There is more that Marinez would like to see done, but to get even this far has taken a lot of work.
“It has, but we’ve made some progress,” Marinez said. “I kind of knew that it was going to take a long time.
“It can be quite grueling.”
The tower’s makeover is largely the result of Marinez’s labor. For years he lobbied City Hall, appearing regularly with his plans and drawings of what the tower could look like if Kansas City showed it a little love.
Many residents know the tower, even if they can’t recall much about it. Built in 1920, it was an innovative example of reinforced concrete construction and served the city with clean water until it was closed in 1957.
After that, Waldo Tower became neglected. More than 20 years have passed since city workers climbed to the top to decorate it with lights for the holiday season.

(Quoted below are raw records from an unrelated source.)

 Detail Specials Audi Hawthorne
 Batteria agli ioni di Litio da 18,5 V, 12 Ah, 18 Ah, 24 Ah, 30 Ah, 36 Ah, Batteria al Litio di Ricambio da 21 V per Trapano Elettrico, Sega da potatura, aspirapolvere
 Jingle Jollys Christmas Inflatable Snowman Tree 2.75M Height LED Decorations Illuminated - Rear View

Without that care, the tower turned into an object for graffiti and grim stories. In August 1962, boys playing on the tower found a body inside. Workers used a jackhammer to open a hole in the bottom of the tower as hundreds of spectators looked on.

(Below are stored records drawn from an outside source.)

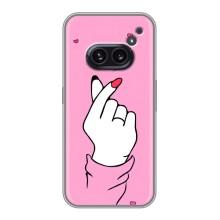 Чохол з принтом для Nothing Phone 2a (AlphaPrint - Знак сердечка)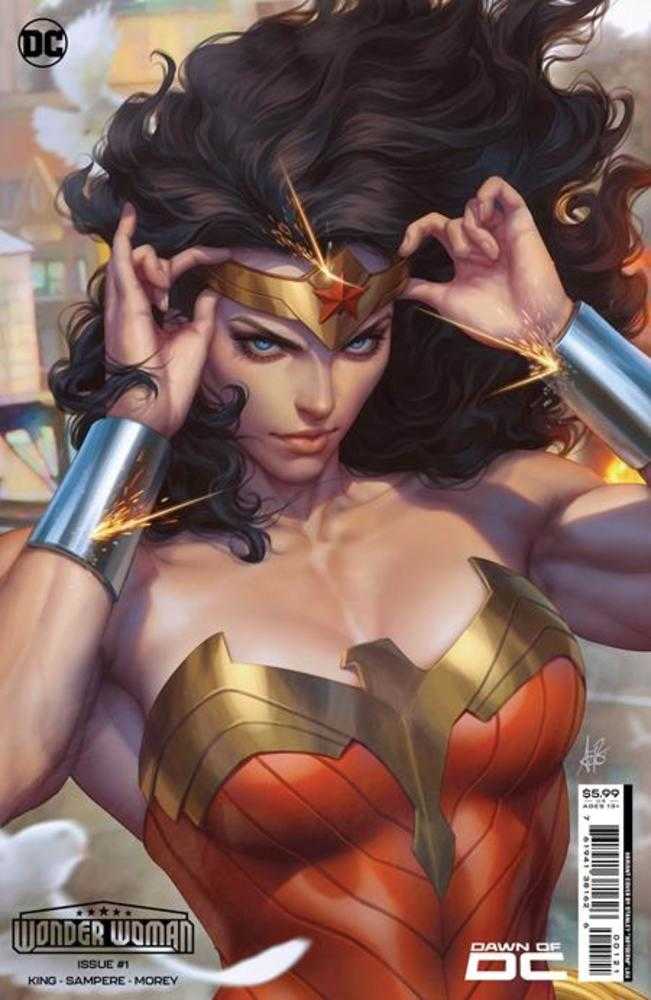 Wonder Woman #1 Cover B Stanley Artgerm Lau Card Stock Variant | Game Master's Emporium (The New GME)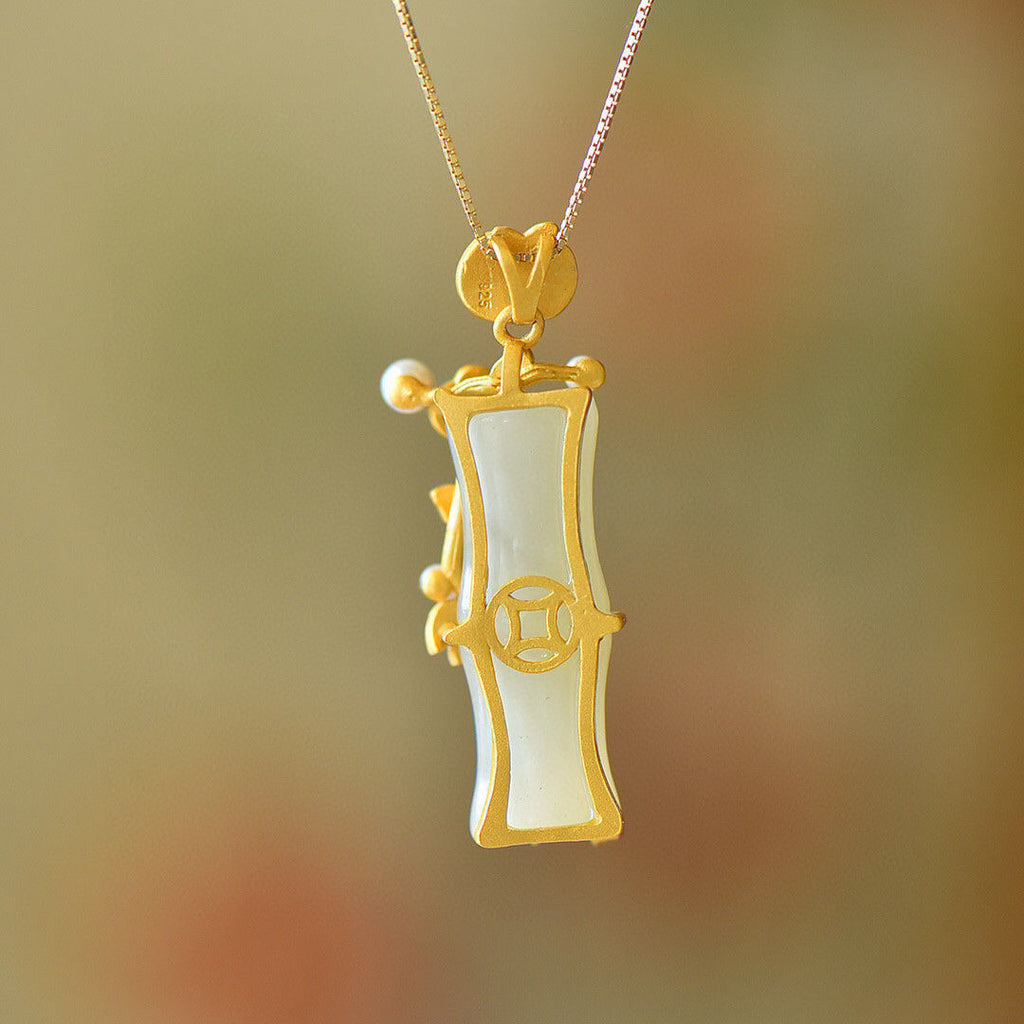 Argent Collier magnifique au style unique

They removed the body of a 20-year-old man who had been missing since the previous November. For many years, the patch over that hole was still visible.
The years since were not always kind. Neighbors complained that the tower looked like a post-apocalyptic ruin.
As Marinez sought help at City Hall, he endured jokes about Waldo’s answer to the Leaning Tower of Pisa and the gargoyles that might live inside it. At one point, his efforts to seek funding were set back a year when a redrawn city map put the tower in a new City Council district.
Eventually, Marinez said, he found allies in City Council members John Sharp and Scott Taylor.
With their backing, the city set aside $850,000 to renovate the tower, most of it through the city’s Public Improvements Advisory Committee, said Heidi Downer, spokeswoman for the Parks and Recreation Department.
Sharp said the city was in a far better position now to find money for the tower than it had been in 2009, amid the Great Recession.
“Times were awfully tough financially for individuals who might contribute voluntarily, and the city,” he said.
He credited Marinez with sticking with the project for years until better times came, and doing much of the hard work to get city backing for it. But support also came from people throughout the nearby neighborhoods, he said.
The first phase of work has already been completed, including the roof, the paint job, concrete repairs, new bird screens and a new ladder on the outside.
Next, beginning Wednesday, workers are scheduled to install a new access door and interior ladder for workers, along with new lamp posts and decorative fencing around the tower.
The work is expected to be finished by October. New, colorful lights to be installed atop the tower would make it visible from miles around.
Marinez and his supporters still hope for more, imagining public movie nights in Tower Park and an elevator in the tower to take visitors to a lookout point at the top.
There is no money in the budget for an elevator or stairs. But the tower is at least, once again, something neighbors can look at with pride.